Foster Parent Adoption: What Parents Should Know
The practice of foster parent adoption is growing. More and more public social service agencies are finding that a child's foster family often is the placement of choice when that child becomes free for adoption. This is especially true when the child or children in question have special needs or are children of color and when a strong feeling of attachment has grown between foster parent and child during the course of the foster care placement.
This factsheet is written for foster parents who are considering adopting one or more of their foster children. The information will also be helpful to a foster parent who already has adopted or to a new foster parent who may be faced with the possibility of adoption sometime in the future. Another factsheet entitled "Foster Parent Adoption: What Professionals Should Know" also is available from the National Adoption Information Clearinghouse.
This factsheet will discuss some of the issues to think about as you consider adopting your foster child or children. It includes a worksheet to use in conjunction with your agency social worker to guide you through the decision making process. At the end of this factsheet are a list of references for further information and a list of organizations with an interest in foster parent adoption.
Issues to Consider
In many ways, when a child lives in your home with you, life is not terribly different if he or she is officially a foster child or an adopted child. The day-to-day tasks involved in child rearing remain the same. There are meals to cook, clothes to wash, outings to plan, lessons to supervise, hugs to savor, conversations to share, discipline to administer, a mind to stimulate, talents to develop, values to instill, and ambitions to encourage. During the course of living, growing, learning, and playing together, you are very likely to become attached to the child placed with you. So what is the big deal if you decide to adopt? It is just more of the same, right? Well, yes, but also, no.
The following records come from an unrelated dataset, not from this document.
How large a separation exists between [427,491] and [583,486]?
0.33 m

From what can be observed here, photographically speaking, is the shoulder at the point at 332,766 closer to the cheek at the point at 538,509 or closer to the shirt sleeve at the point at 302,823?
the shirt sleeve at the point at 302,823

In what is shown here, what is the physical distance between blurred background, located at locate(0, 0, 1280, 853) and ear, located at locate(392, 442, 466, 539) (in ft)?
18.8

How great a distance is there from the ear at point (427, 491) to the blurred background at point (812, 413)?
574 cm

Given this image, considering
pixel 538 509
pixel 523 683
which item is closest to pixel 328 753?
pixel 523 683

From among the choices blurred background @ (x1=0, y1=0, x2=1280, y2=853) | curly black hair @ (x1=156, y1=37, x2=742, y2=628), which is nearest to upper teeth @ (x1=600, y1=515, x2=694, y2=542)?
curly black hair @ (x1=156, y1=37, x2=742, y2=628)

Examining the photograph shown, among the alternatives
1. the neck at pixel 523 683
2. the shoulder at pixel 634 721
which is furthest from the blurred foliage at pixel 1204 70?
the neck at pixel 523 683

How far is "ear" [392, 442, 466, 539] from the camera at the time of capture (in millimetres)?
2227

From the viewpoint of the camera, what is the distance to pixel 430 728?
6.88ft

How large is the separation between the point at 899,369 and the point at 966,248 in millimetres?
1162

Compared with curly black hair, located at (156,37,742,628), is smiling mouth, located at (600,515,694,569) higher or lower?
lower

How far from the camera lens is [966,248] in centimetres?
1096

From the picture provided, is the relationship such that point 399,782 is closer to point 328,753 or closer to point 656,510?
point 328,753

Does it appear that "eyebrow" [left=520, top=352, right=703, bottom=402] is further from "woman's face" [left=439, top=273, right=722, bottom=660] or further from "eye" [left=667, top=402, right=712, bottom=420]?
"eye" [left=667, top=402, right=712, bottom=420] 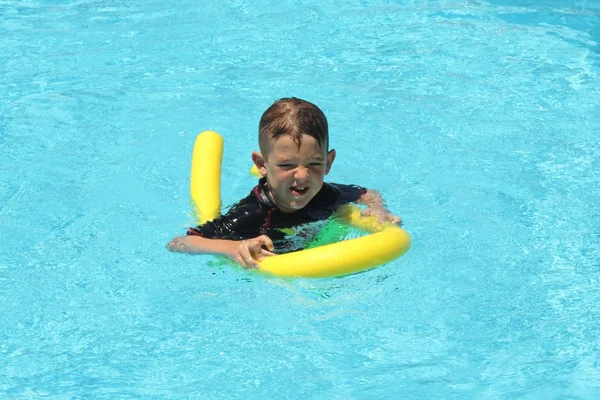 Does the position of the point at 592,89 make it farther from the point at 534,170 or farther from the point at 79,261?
the point at 79,261

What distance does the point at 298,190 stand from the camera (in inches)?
183

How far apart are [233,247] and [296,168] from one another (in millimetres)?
528

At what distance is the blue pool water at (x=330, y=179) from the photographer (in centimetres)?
434

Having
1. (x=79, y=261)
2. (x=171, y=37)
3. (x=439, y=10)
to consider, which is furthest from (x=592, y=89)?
(x=79, y=261)

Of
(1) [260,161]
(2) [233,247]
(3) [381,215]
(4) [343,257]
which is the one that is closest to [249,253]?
(2) [233,247]

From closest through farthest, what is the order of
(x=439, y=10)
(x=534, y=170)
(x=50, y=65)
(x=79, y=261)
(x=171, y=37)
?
(x=79, y=261) → (x=534, y=170) → (x=50, y=65) → (x=171, y=37) → (x=439, y=10)

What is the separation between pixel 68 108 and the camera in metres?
7.33

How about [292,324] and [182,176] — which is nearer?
[292,324]

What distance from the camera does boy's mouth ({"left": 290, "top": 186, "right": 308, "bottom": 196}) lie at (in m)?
4.63

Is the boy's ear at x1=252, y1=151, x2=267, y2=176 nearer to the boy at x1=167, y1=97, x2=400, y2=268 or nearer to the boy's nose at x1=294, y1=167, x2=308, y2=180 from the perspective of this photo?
the boy at x1=167, y1=97, x2=400, y2=268

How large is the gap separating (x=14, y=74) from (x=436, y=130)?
384 cm

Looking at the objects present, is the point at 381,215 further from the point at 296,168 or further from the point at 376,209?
the point at 296,168

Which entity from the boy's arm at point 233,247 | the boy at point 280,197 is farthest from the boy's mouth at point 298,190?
the boy's arm at point 233,247

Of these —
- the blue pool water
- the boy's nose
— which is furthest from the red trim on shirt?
the boy's nose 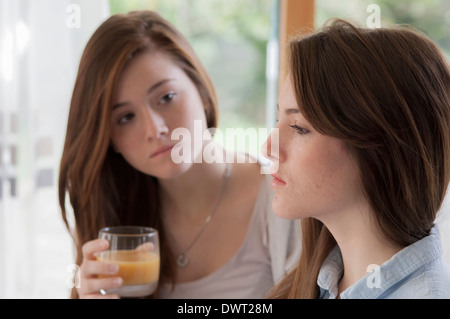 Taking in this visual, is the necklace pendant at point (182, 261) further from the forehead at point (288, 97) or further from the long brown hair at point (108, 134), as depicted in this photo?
the forehead at point (288, 97)

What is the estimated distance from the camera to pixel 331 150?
1.03 meters

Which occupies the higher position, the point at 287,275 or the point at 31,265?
the point at 287,275

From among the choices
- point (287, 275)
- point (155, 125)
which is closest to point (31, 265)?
point (155, 125)

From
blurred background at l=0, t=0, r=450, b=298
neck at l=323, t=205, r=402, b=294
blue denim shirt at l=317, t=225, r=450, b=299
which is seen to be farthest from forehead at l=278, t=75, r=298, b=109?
blurred background at l=0, t=0, r=450, b=298

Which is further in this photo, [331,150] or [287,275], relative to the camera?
[287,275]

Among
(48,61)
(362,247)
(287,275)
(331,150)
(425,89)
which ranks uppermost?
(48,61)

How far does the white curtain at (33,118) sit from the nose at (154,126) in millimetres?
672

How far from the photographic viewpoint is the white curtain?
2010mm

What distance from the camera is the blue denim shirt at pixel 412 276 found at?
964 millimetres

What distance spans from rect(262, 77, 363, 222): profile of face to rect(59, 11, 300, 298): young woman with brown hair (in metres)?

Of course, there are many differences between foster care and adoption, ranging from the trivial to the significant. After a child is adopted and post placement visits have taken place, a social worker will no longer come by your home to visit. The child will have your last name. You will not have to share authority with an agency—decisions about school, medical treatment, religious practice, and a myriad of other parenting matters can be made without someone looking over your shoulder. The child will inherit from you and is entitled to a share of your estate equal to that of any of your other children. You will be financially responsible for the child's welfare until he or she reaches the age of majority, and you will be liable for his or her actions should he or she be involved in a legal dispute.